We are inspired by top-to-toe fuchsia pink seen by the Kim Kardashian and Balenciaga collaboration, and the denim micro mini brought back by Diesel at SS22 Milan Fashion week.
Hence, it’s time for a new wardrobe!! With an overload of constant inspiration, we crave new clothes, yet we have NO space. So, we decide to do something good for the environment, and for our community too. Afterall, it’s going to charity right!
Did you know that one in three young women in the UK think that a piece of clothing is “old” after they’ve worn it once or twice.
When you decide to make a charitable donation, do you ever consider where your clothes eventually end up? We tend to imagine that the clothing charity process is quite simple: you drop off your bag full of clothes at your local Oxfam or British Heart Foundation, a fairy-like volunteer whisks them off to the nearest rack, someone buys your pre-loved and boom, your clothes have new lives in new homes, right?

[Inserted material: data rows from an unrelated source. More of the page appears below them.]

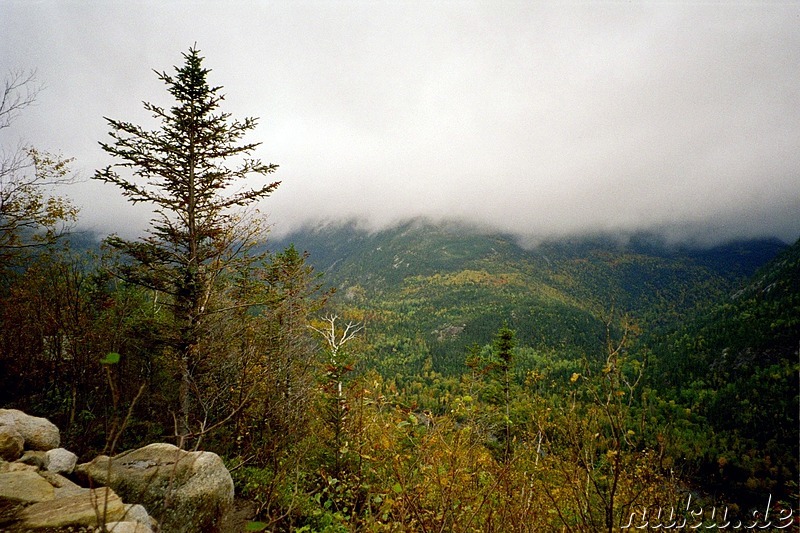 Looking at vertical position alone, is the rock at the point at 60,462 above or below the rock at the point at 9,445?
below

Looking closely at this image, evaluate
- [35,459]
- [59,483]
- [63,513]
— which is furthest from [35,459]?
[63,513]

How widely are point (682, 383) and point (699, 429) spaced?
2176 centimetres

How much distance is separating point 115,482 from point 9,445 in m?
2.08

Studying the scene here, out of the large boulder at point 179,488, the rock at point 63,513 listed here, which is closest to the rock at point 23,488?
the rock at point 63,513

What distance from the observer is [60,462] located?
7.59m

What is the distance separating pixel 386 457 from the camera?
7.85 m

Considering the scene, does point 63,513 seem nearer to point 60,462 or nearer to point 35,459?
point 35,459

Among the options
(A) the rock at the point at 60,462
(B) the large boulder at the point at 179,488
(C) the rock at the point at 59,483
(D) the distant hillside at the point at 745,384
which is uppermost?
(C) the rock at the point at 59,483

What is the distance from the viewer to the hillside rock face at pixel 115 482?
16.7 feet

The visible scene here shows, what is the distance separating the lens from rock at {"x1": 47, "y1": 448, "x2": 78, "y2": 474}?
7.45 meters

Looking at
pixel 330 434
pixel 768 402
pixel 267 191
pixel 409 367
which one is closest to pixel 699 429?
pixel 768 402

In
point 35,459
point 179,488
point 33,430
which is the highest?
point 33,430

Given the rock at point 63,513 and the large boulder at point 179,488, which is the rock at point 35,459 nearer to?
the large boulder at point 179,488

In part, yes, however there’s quite a complicated process that actually occurs behind the scenes. Here’s a glance into that process. Unfortunately, not every piece of clothing makes it onto the shop floor. Results from Statista showed that UK households bought around 57.63 billion British pounds worth of clothing in 2021. According to clothes aid, we the UK public, send over 700,000 tonnes of clothing to textiles banks, clothing collections and charities every year. To put that into perspective, it would be enough to fill 459 Olympic-size swimming pools!!! Get your rubber arm bands ready and imagine diving into that.
 However, 350,000 tonnes, which amounts to £140 million worth of used wearable clothing goes to landfill in the UK every year. Here you’re thinking, the math doesn’t add up, where do the rest of our clothes go? Well, according to Brooks, “as little as 10-30% of what is given to UK charities overall actually ends up being sold over the counter.”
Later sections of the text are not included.